Rob Schaap:
>>> That's you, Foucault, and me in perfect agreement. Had to happen some
>>> time, I s'pose.
Gordon Fitch wrote:
> >Desirable / positive / constructive things are constructed by
> >the oppressed in order to deal with their oppression some of
> >which are built ironically using the very structure of the
> >oppression. Maybe more often than not. So then getting rid
> >of it is not all that simple.
Doug Henwood:
> Of course not. Who said it is?
"The negation [ of racial categorization as an instrument of oppression ] would be to reject racial categorization altogether" for example.
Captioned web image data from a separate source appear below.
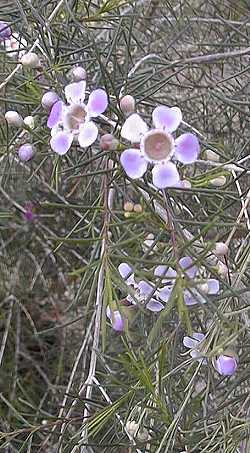 Geraldton Waxflower(Chamelaucium uncinatum)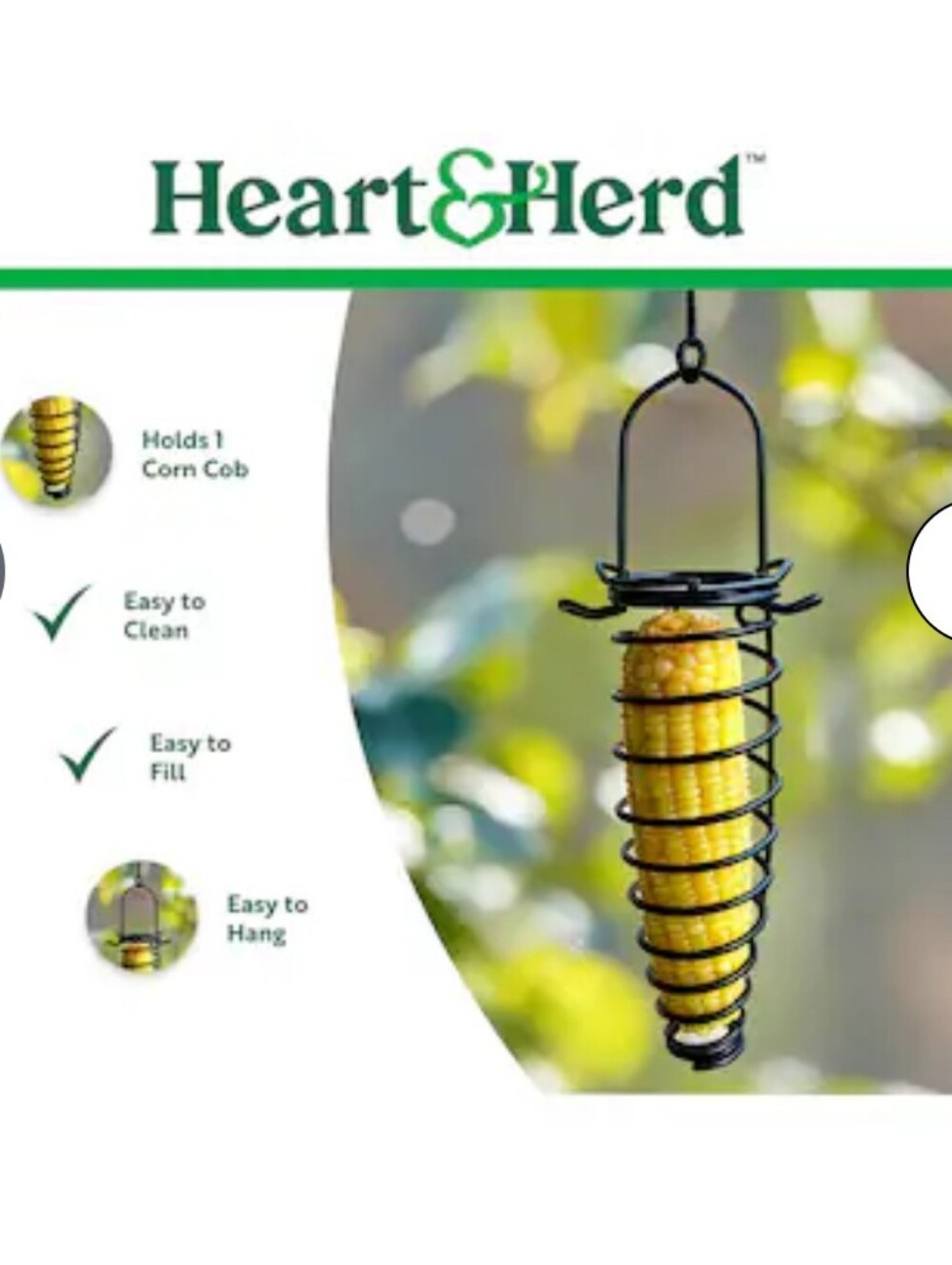 Squirrel Feeders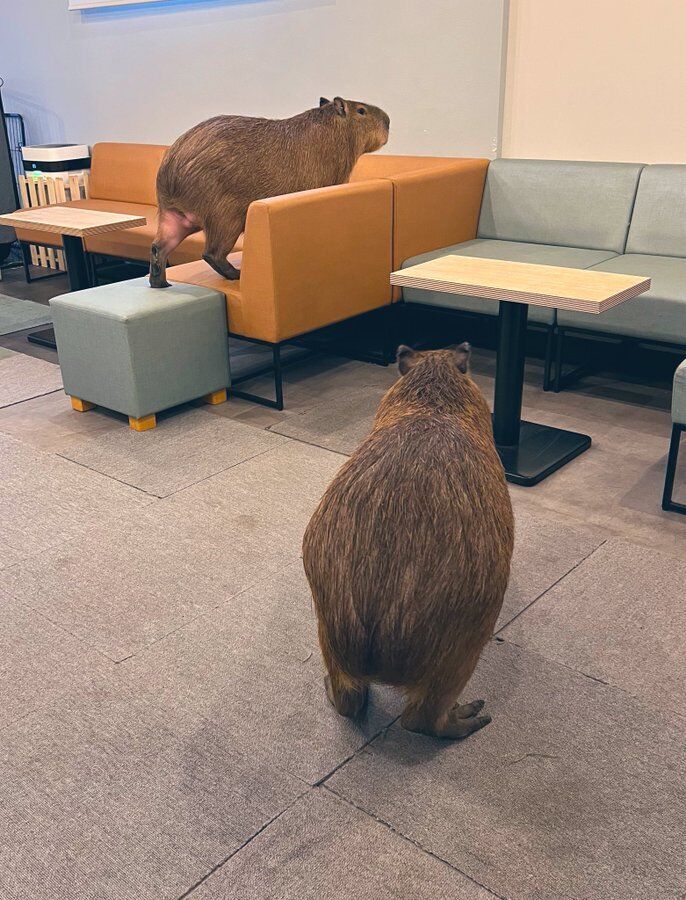 A cafe has opened in Tokyo where you can drink coffee with a capybara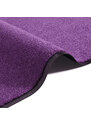 Hanse Home Collection koberce Rohožka Wash & Clean 103838 Violett - 60x180 cm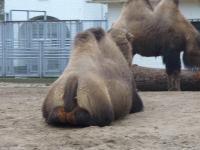 <img200*0:stuff/z/45154/DutchyKiPhotoUpload/P1050247.JPG>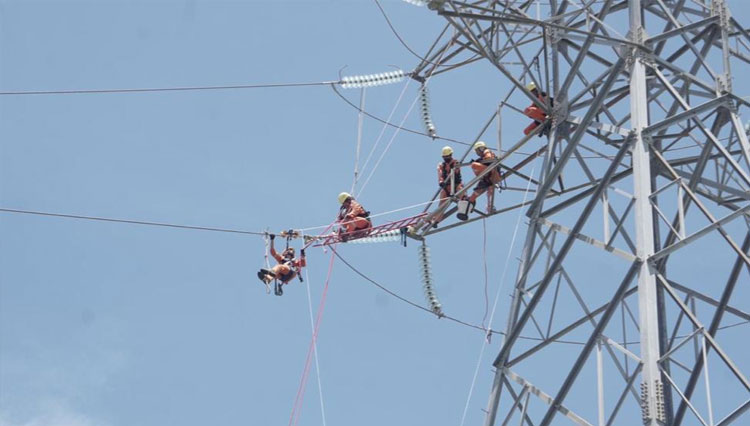 pln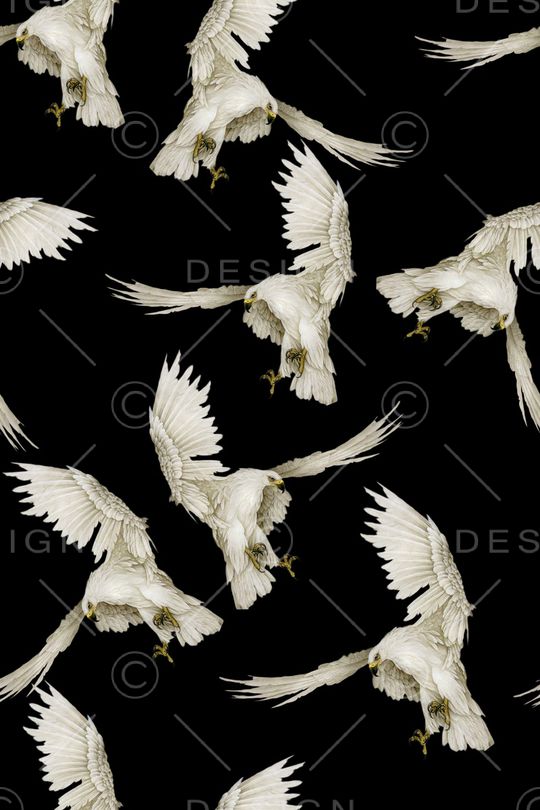 动物印花华亿平台图片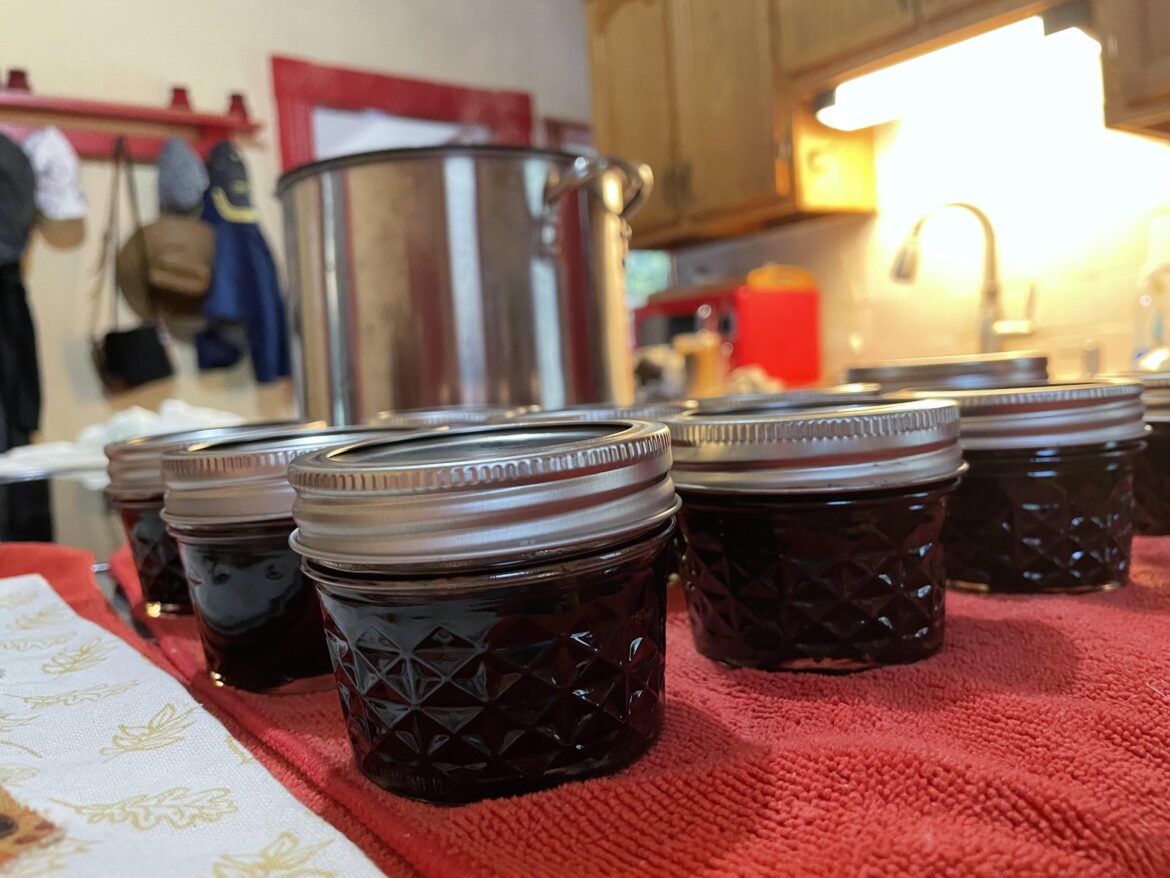 Elderberry jelly
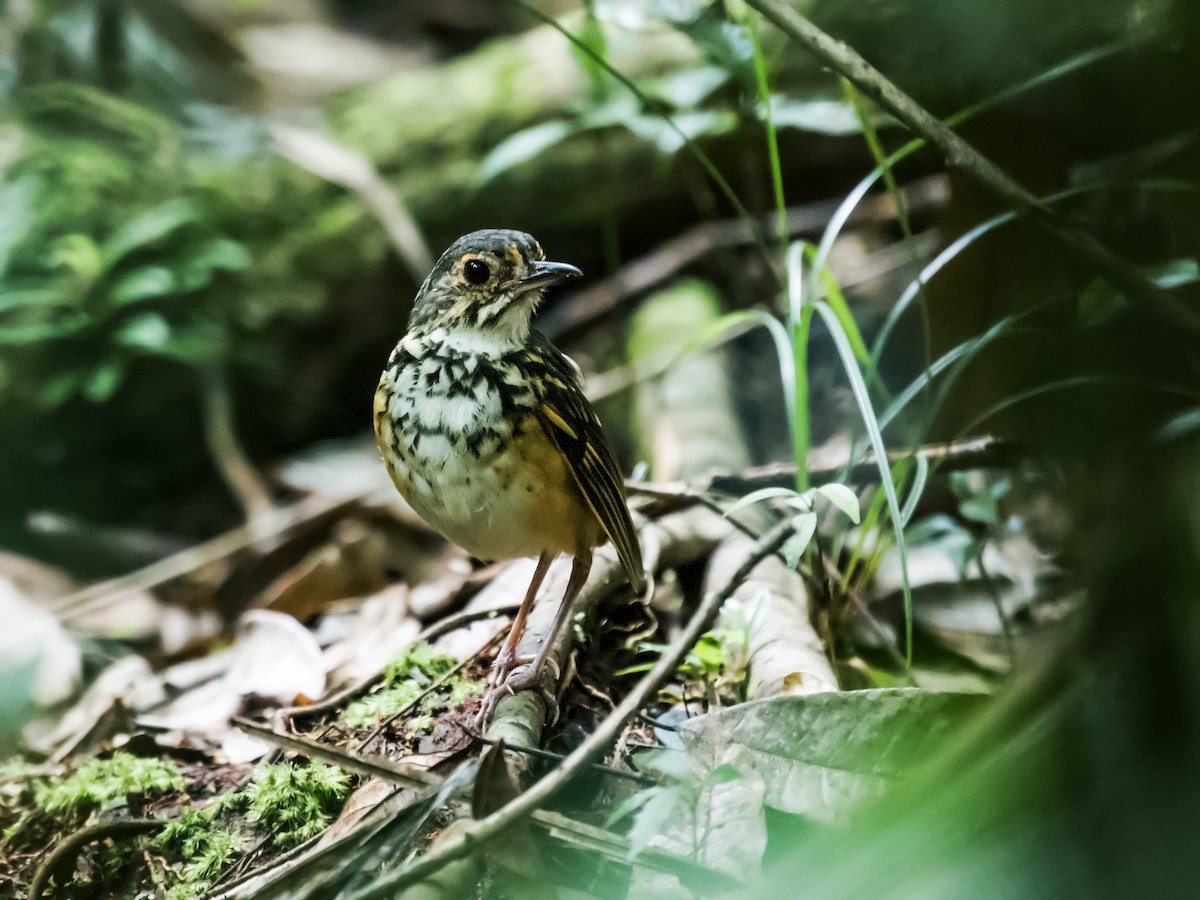 Spotted Antpitta - ML127171461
> But the simple solution - to accept
> conventional categories and just reverse their signs - isn't much of
> a solution, really.
I don't think anyone suggested that. In any case it's not what I'm talking about. As a set of related cases, let me advertise the "Politics of Racism" show now viewable on my website at http://www.etaoin.com. Click on "art gallery" and "exhibitions" and follow the links at the top of the page. The specific purpose of the art is to criticize and oppose racism, yet I can't imagine telling the artists to forget about being Black as a step toward solving the problem. And even if the problem of oppression disappeared, the positive values of Black culture, however created, would remain and be identifiable as different from other cultures. I don't think the people involved with them would want to abandon them. For what, after all? Wal-Mart?
I suppose one could call this "nationalism" but the term has been tainted with ideas of seizing territory and ethnic cleansing which are not relevant here.